Scraped caption text data
-- Opening Marker --
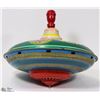 Image 2 : 1950S TIN TOP TOY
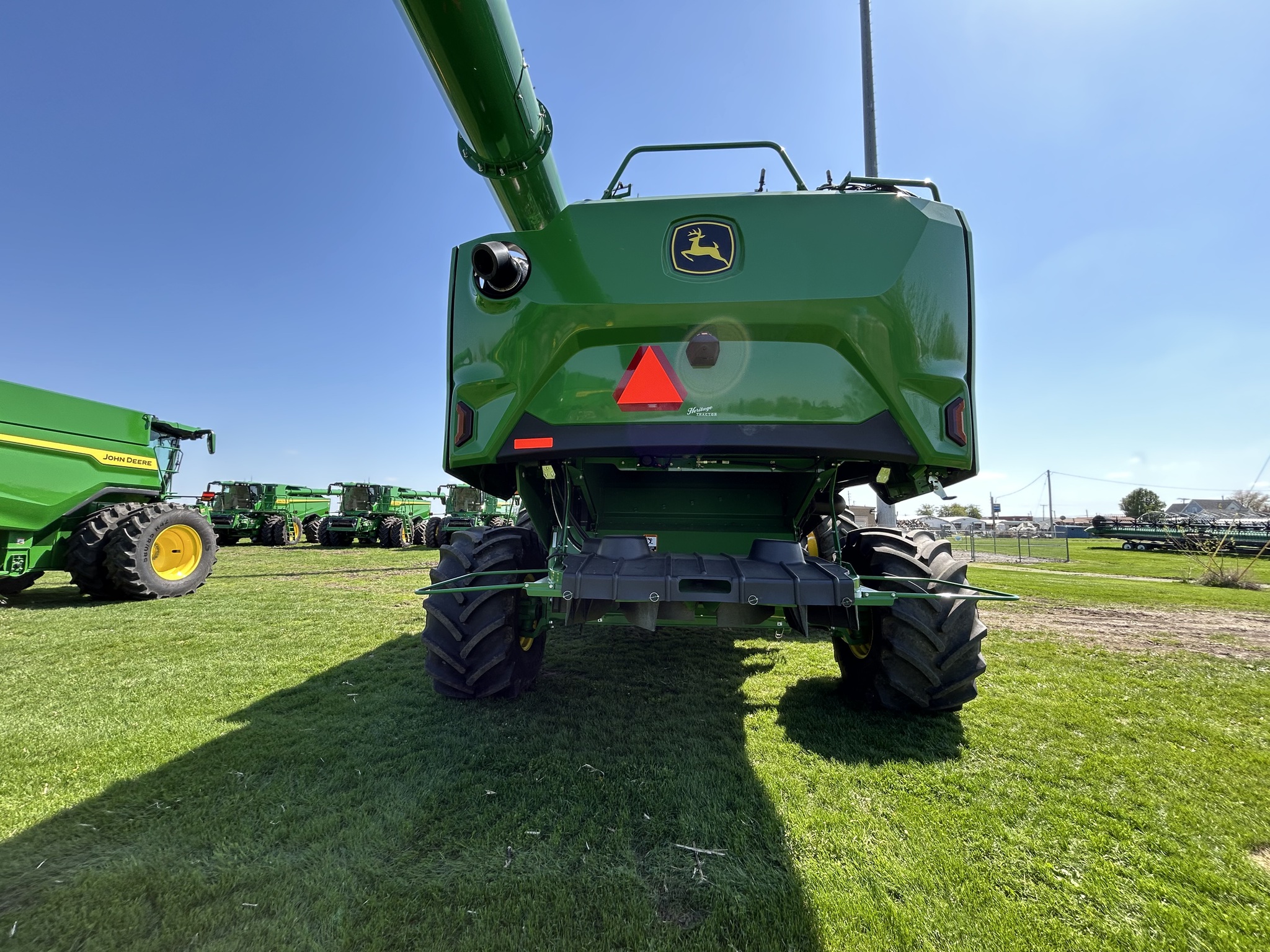  2025 John Deere S7 800 at Heritage Tractor in Galesburg, IL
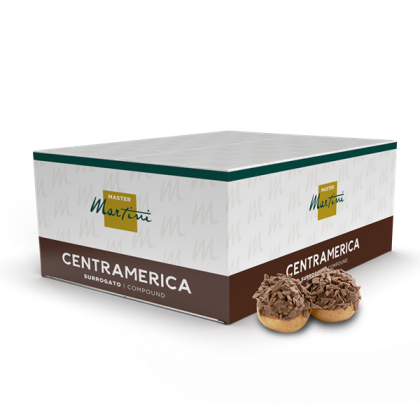 Packung Schokoladenglasur Master Martini Centramerica, daneben zwei mit Schokolade überzogene Gebäckstücke.
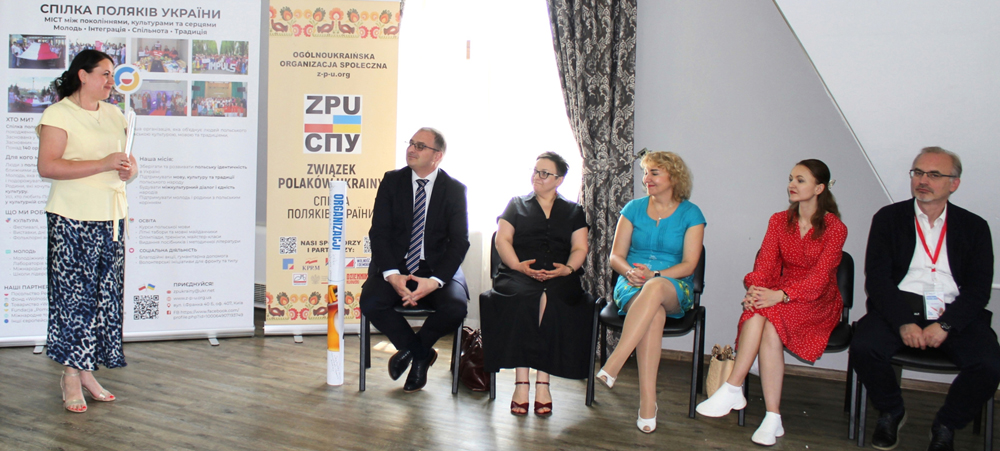 Jedna z lektorek - Ewa Mańkowska (C) – doświadczona trenerka i mentorka młodzieżowych inicjatyw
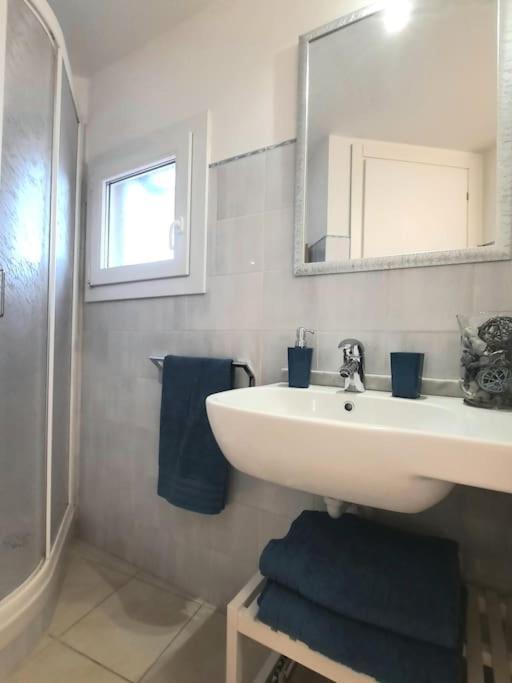 Apartamento La Terrazza Sul Golfo Dei Poeti Con Vista Mare Pitelli Exterior foto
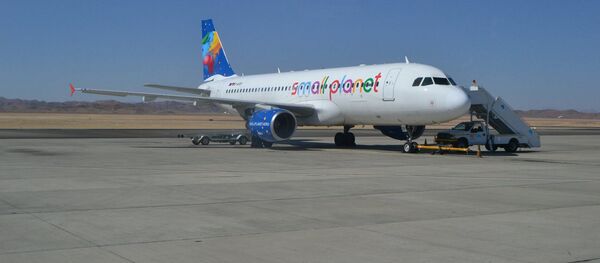 Airbus A320 авиакомпании Small Planet Airlines, архивное фото - Sputnik Литва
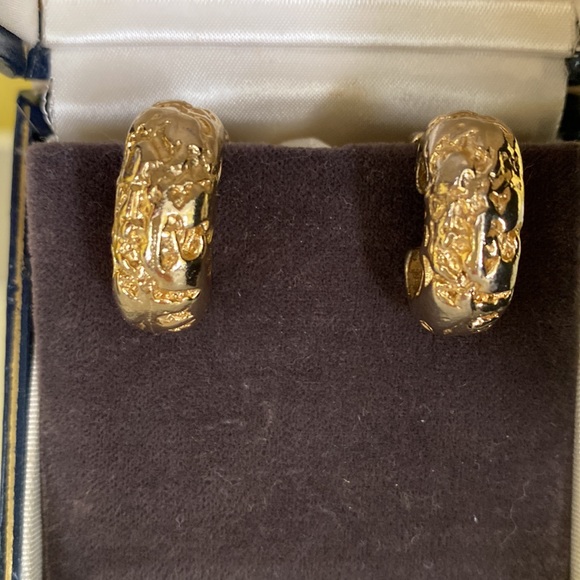 Textured Golden Nugget Patterned Wide Chunky ~1” Hoop Clip On Earrings Gold Tone - Picture 1 of 10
-- Closing Marker --
Work to be completed: Output the records above as they stand, from the first line to the line with "Airbus A320 авиакомпании", inclusive, and exclude the pictures.

Result:
 Image 2 : 1950S TIN TOP TOY
  2025 John Deere S7 800 at Heritage Tractor in Galesburg, IL
 Packung Schokoladenglasur Master Martini Centramerica, daneben zwei mit Schokolade überzogene Gebäckstücke.
 Jedna z lektorek - Ewa Mańkowska (C) – doświadczona trenerka i mentorka młodzieżowych inicjatyw
 Apartamento La Terrazza Sul Golfo Dei Poeti Con Vista Mare Pitelli Exterior foto
 Airbus A320 авиакомпании Small Planet Airlines, архивное фото - Sputnik Литва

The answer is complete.